Monday, May 28, 2012

Apples and peaches and pears, oh my.

Allow me to start talking about fruit trees, as they are what I've been thinking a fair bit about lately.  In our garden are five feijoa trees, three pears, one of which is double grafted, two apricots, one cherry, a fig, two plums, a double-grafted peach, two apples (a single variety and a triple-grafted one), a crab-apple, a lemon, a kaffir lime, two elder(flower/berries) and I think that's everything.  And a tamarillo and a quince.

What is this grafting business, you say?  It's where one tree is grown on the "root stock" of another - for example, a plum tree is melded (is that a word?) onto the roots and young trunk of a quince.  Quinces seem to be used a lot for this, perhaps they grow very strong roots - or not (see below). 

Many of the trees were planted in the first year, and fingers crossed, will show the wait has been worth it and explode with fruit.  The cherry's had a couple of promising years, and one of the plums gave us 11 fruit. 
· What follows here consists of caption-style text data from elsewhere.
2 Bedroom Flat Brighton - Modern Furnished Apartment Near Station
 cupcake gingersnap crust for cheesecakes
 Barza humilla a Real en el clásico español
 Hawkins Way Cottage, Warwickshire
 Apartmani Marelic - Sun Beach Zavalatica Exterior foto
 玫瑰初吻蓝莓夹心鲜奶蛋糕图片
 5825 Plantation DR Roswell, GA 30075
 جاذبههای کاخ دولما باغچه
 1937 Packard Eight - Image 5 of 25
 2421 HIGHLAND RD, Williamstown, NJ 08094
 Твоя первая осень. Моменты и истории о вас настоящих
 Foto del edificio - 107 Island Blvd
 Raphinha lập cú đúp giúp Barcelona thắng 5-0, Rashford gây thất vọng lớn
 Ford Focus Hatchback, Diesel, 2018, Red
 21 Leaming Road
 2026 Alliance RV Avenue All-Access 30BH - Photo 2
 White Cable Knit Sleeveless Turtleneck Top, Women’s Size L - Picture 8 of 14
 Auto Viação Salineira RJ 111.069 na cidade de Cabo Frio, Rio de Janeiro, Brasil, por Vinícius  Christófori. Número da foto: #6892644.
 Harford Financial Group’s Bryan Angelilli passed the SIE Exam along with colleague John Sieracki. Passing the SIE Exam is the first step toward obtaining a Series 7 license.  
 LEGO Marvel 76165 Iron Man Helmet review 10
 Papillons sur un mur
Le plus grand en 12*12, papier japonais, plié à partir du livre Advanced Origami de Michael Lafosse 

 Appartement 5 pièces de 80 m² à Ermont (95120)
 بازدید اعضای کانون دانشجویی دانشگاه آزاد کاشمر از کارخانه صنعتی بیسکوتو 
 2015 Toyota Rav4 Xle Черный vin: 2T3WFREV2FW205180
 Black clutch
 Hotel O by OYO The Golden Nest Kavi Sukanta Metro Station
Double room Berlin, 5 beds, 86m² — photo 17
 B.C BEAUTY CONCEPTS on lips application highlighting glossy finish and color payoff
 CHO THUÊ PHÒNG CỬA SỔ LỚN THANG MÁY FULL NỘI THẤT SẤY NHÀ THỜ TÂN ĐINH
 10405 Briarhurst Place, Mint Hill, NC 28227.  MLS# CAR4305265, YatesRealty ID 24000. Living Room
The reason why I've been thinking about them all, though, is that I think I'm a bad fruit grower.  I seem to think that I can put a tree in the ground and walk away, or worse, play musical trees with it until it's in place.  Amongst my probable failures:
  1. the quince tree is definitely showing wear and tear, it's covered in moss and hasn't grown in the slightest for a very long time.  But it still has bendy branches, which tells me there's life in that thar tree.  I think perhaps it needs a good staking, all that wobbling in the wind is not letting it settle in place to grow big and strong.  
  2. one of the pears decided to run around topless, so I cut off its head and bodice so it might grow nice and bushy, the way it ought to 
  3. the feijoas have been chewed on and the flowers are not turning into fruit
  4. the apples never really ripened 
  5. the peach got curly leaf and that transferred to the plum
  6. the apricots I think may just be in the wrong city and turf.  I have them in rather moist soil and they don't like moist soil.  They like a good freeze over winter - which they got last year alright with all that snow, but no fruit. 
  7. the crab apple turns out to be "ornamental" (read: useless in the kitchen), and
  8. the fig produces lots of fruit, but just as it's getting cold outside so they don't ripen.
All because, apart from a six monthly dousing in compost tea of some sort, they really are quite neglected.  Oo, and a half yearly addition of fertiliser.  There, I said it.  I am not an organic fruit grower - yet.  I still use synthetic feeder.  I started doing that when the lemon got really sad looking, and then it came right again.  According to my favourite famous gardener, who I shall tell you about another time, I really shouldn't need to as manure, compost, sheep pellets and other good things for the soil should really be doing all the good stuff for me instead.  I am making it my mission to change, starting with what's I am about to read up on: organic spray.  Once I know more, I'll tell you all about it.